**TASK REQUIREMENTS:**
The listing below should be printed again word for word, without any images.
========================================
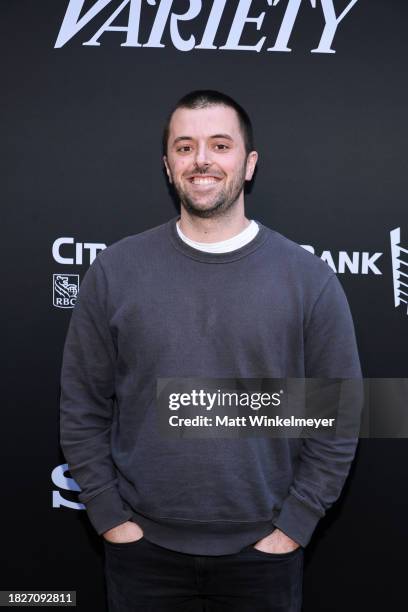 Rob Bisel 57 Rob Bisel Stock Photos, High-Res Pictures, and Images - Getty Images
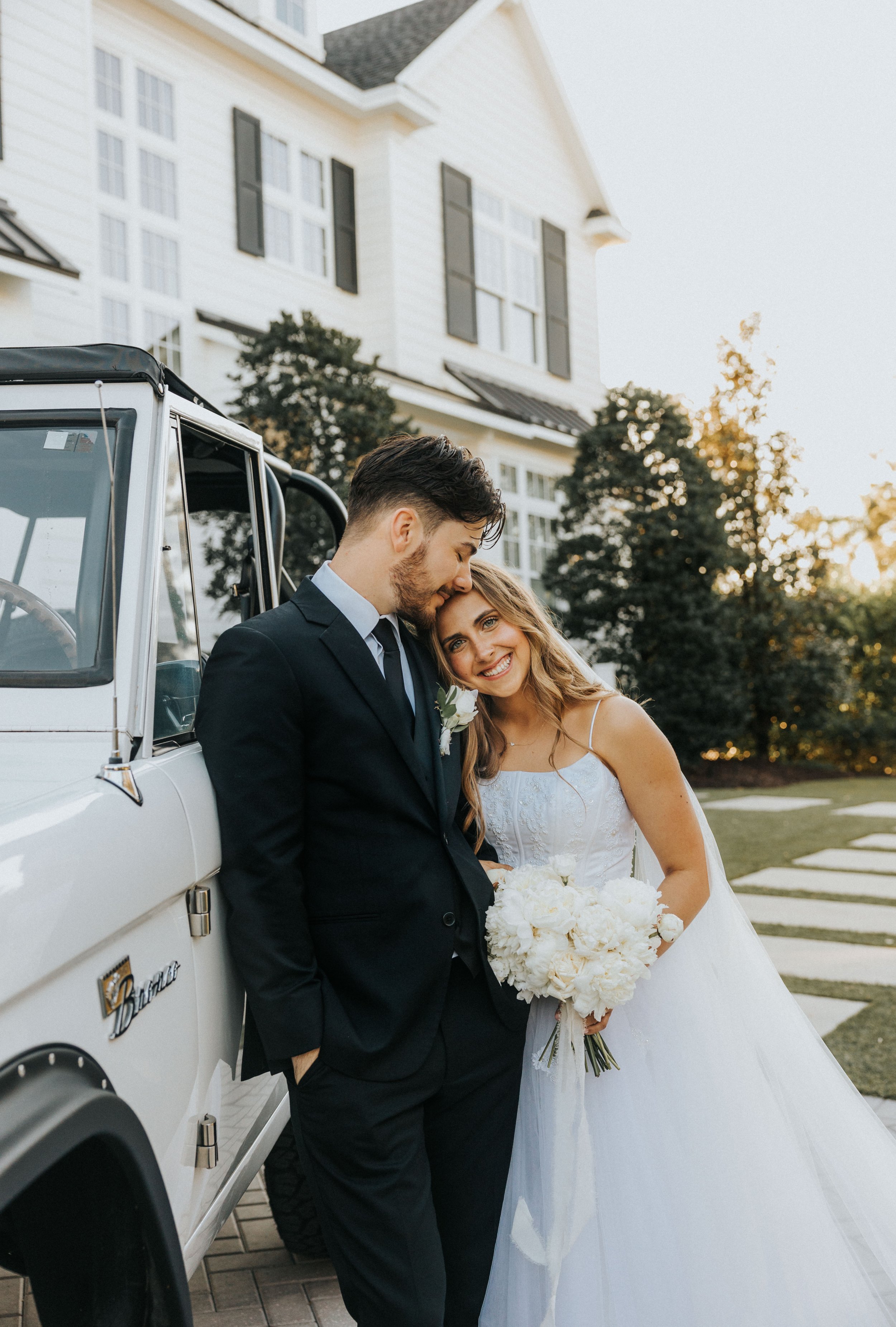 Christine Wozz Photography Lewis Siesta Key Sarasota Wedding-158.jpg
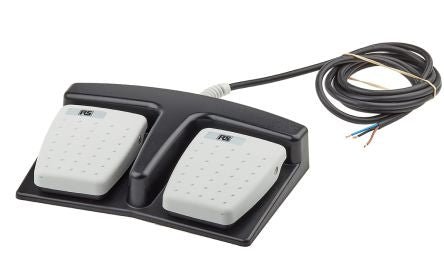 RS PRO  8086992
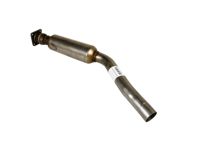 Mopar 68039232AA Catalytic Converter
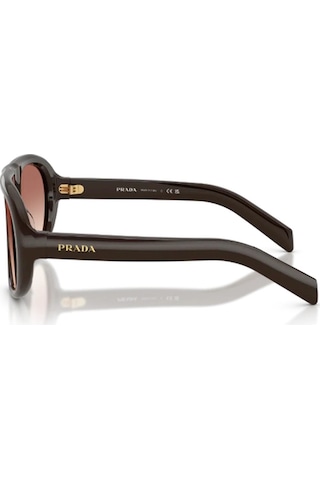 Prada C05s 27ı70x 57 Çok Renkli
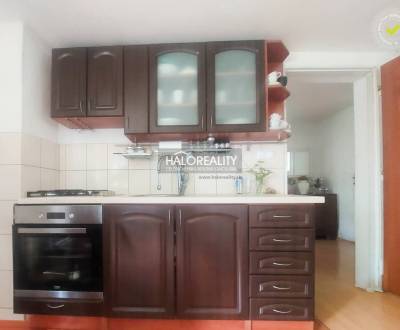 Kaufen Einfamilienhaus, Považská Bystrica, Slowakei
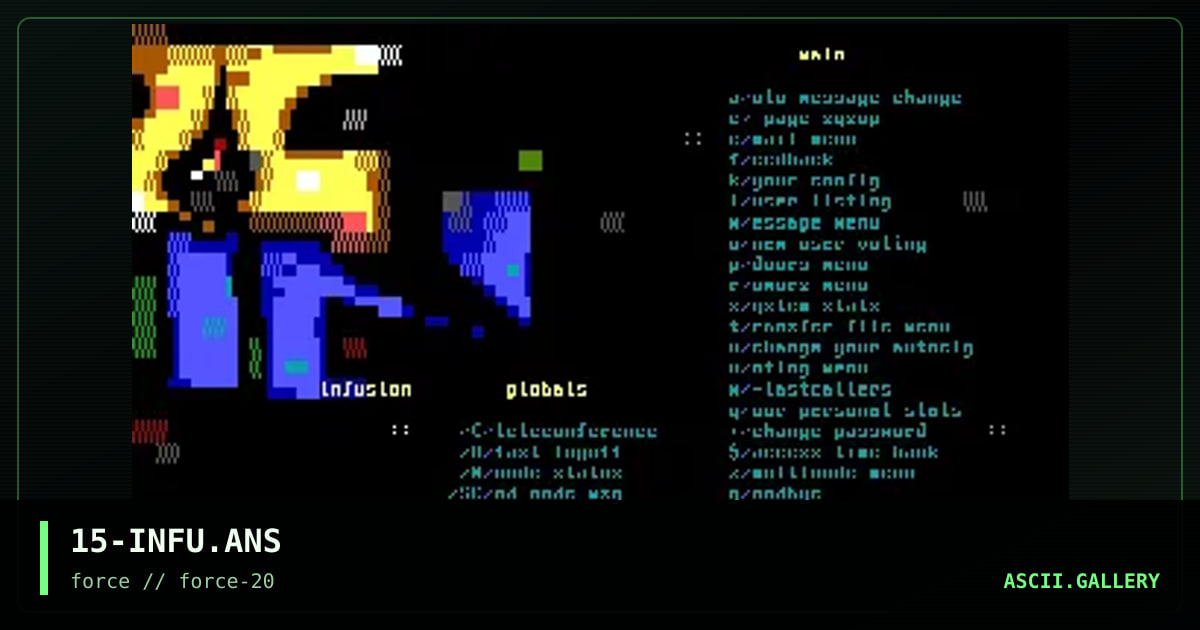 infusion, by prosthesis, 1998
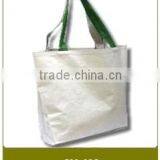 Canvas Bags CV-400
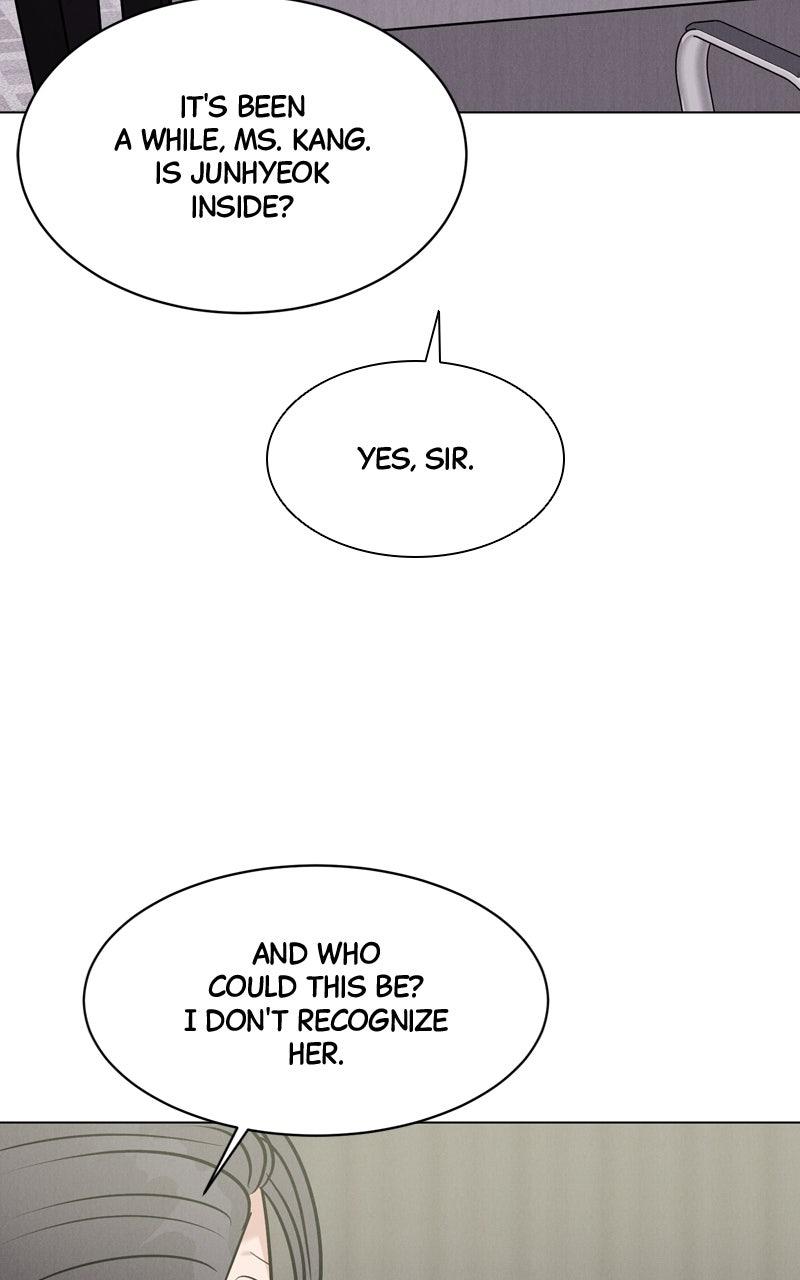 Date or Die Episode 17 80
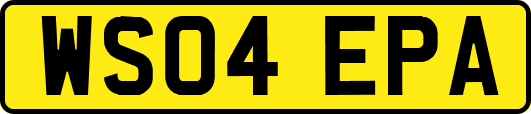 WS04EPA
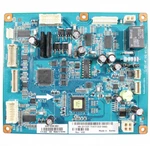 Dell 5130CDN Output Finisher Ess Board J133T Extended Scsi Subsystem. Fixed Price $19.99.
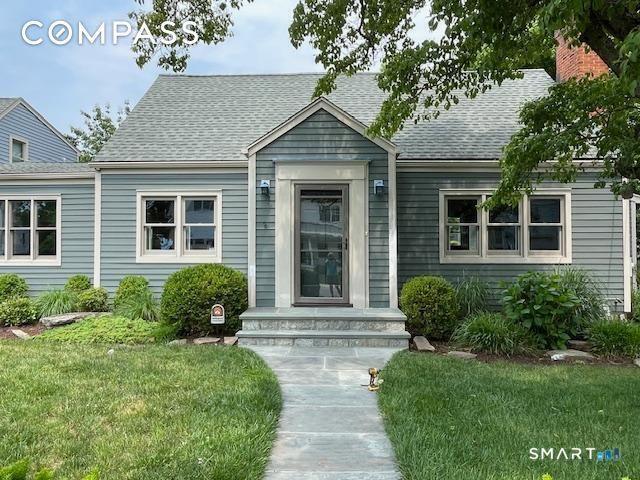 Property for rent in Fairfield, Connecticut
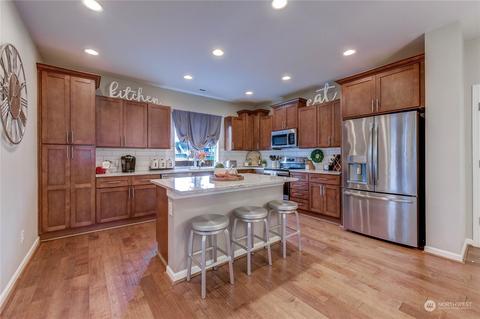 4517 30th Dr SE, Everett, WA 98203 photo 8
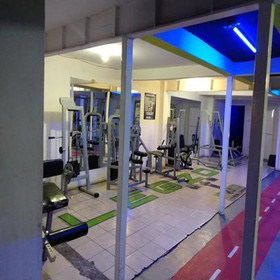 Imagen 4 de la galería del partner Fitness Company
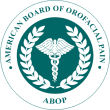 American Board of Orofacial Pain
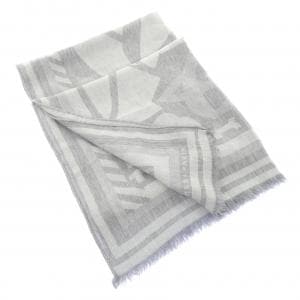 エルメス HERMES STOLE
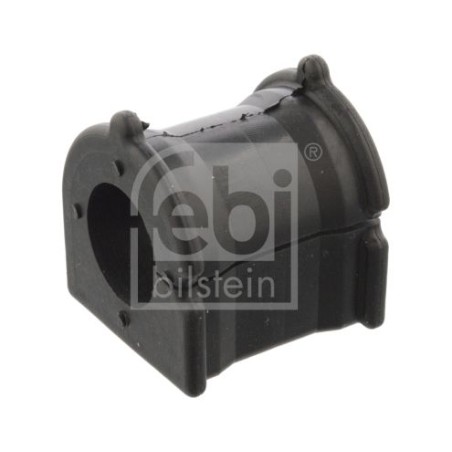 Mounting, stabiliser bar FEBI BILSTEIN 102454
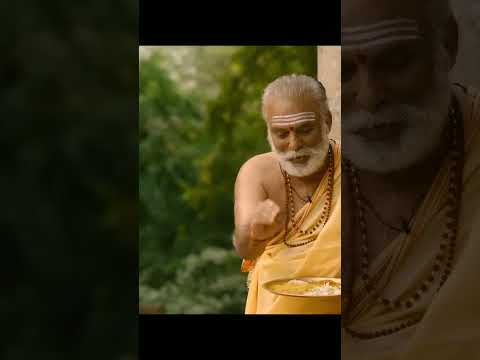 Oh Sita Hey Rama Video Song - Sita Ramam (Telugu) | Dulquer | Vishal | Hanu Raghavapudi#shorts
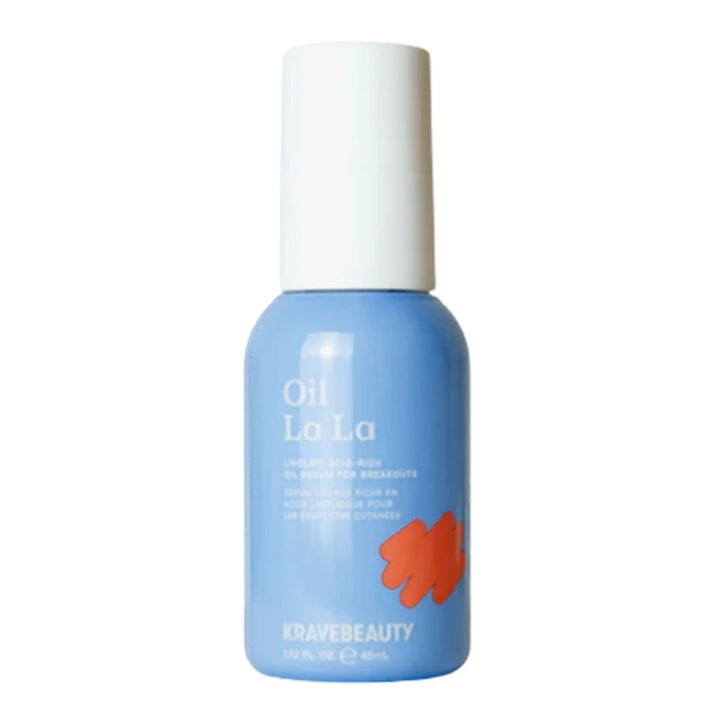 Krave Beauty. Oil La La 45ml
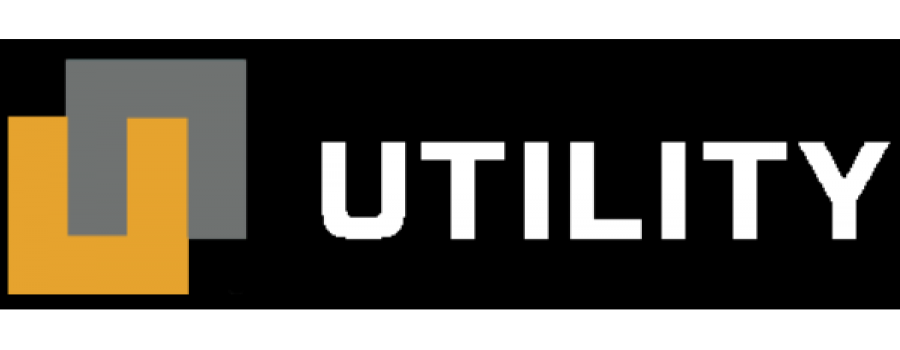 Utility Associates, Inc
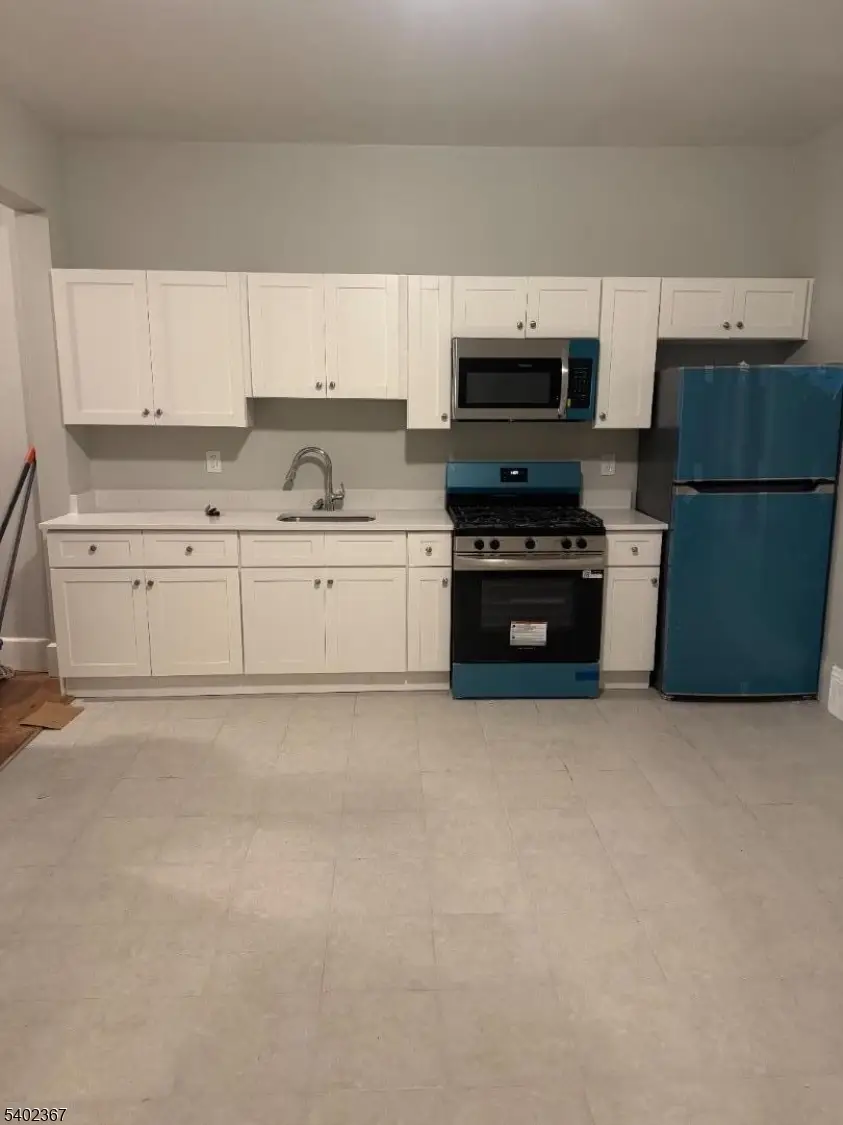 174 N 18th St, East Orange, NJ 07017 - Image #3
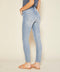 STRAND HIGH RISE SKINNY - Outerworn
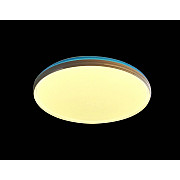 Настенно-потолочный светильник CW1L 000021515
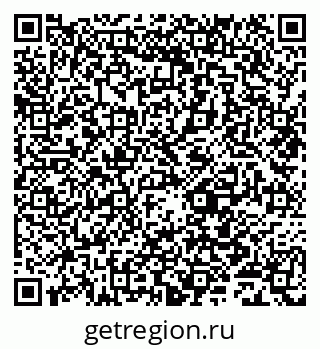 79631981115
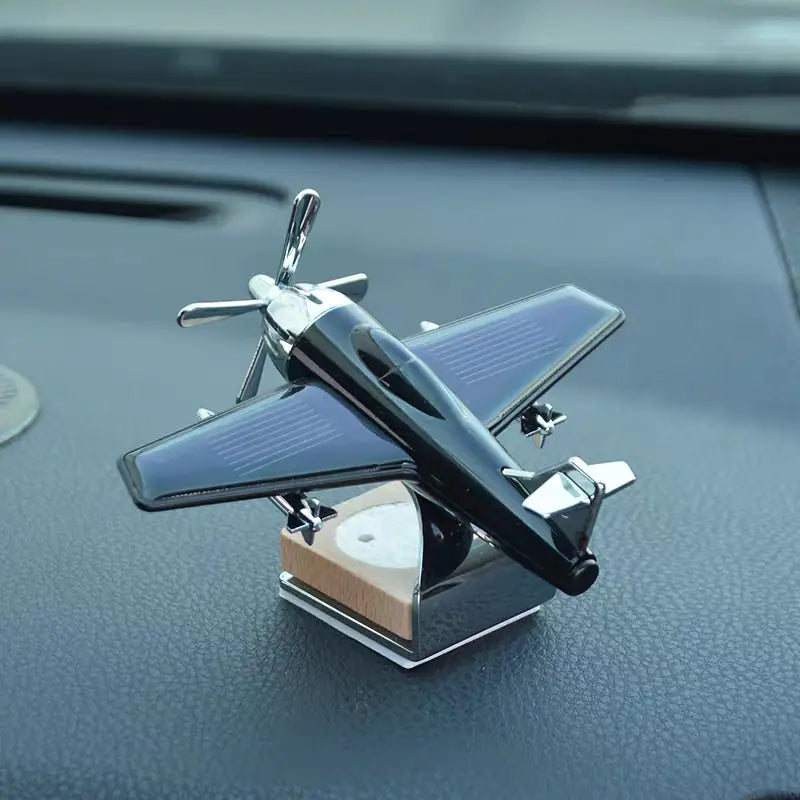 Elegant Auto Aircraft Aromatizer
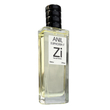 عطر ایفوریا زن برند Zi ادوپرفیوم 50 میلی لیتر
========================================
**WRITTEN RESPONSE:**
 Rob Bisel 57 Rob Bisel Stock Photos, High-Res Pictures, and Images - Getty Images
 Christine Wozz Photography Lewis Siesta Key Sarasota Wedding-158.jpg
 RS PRO  8086992
 Mopar 68039232AA Catalytic Converter
 Prada C05s 27ı70x 57 Çok Renkli
 Kaufen Einfamilienhaus, Považská Bystrica, Slowakei
 infusion, by prosthesis, 1998
 Canvas Bags CV-400
 Date or Die Episode 17 80
 WS04EPA
 Dell 5130CDN Output Finisher Ess Board J133T Extended Scsi Subsystem. Fixed Price $19.99.
 Property for rent in Fairfield, Connecticut
 4517 30th Dr SE, Everett, WA 98203 photo 8
 Imagen 4 de la galería del partner Fitness Company
 American Board of Orofacial Pain
 エルメス HERMES STOLE
 Mounting, stabiliser bar FEBI BILSTEIN 102454
 Oh Sita Hey Rama Video Song - Sita Ramam (Telugu) | Dulquer | Vishal | Hanu Raghavapudi#shorts
 Krave Beauty. Oil La La 45ml
 Utility Associates, Inc
 174 N 18th St, East Orange, NJ 07017 - Image #3
 STRAND HIGH RISE SKINNY - Outerworn
 Настенно-потолочный светильник CW1L 000021515
 79631981115
 Elegant Auto Aircraft Aromatizer
 عطر ایفوریا زن برند Zi ادوپرفیوم 50 میلی لیتر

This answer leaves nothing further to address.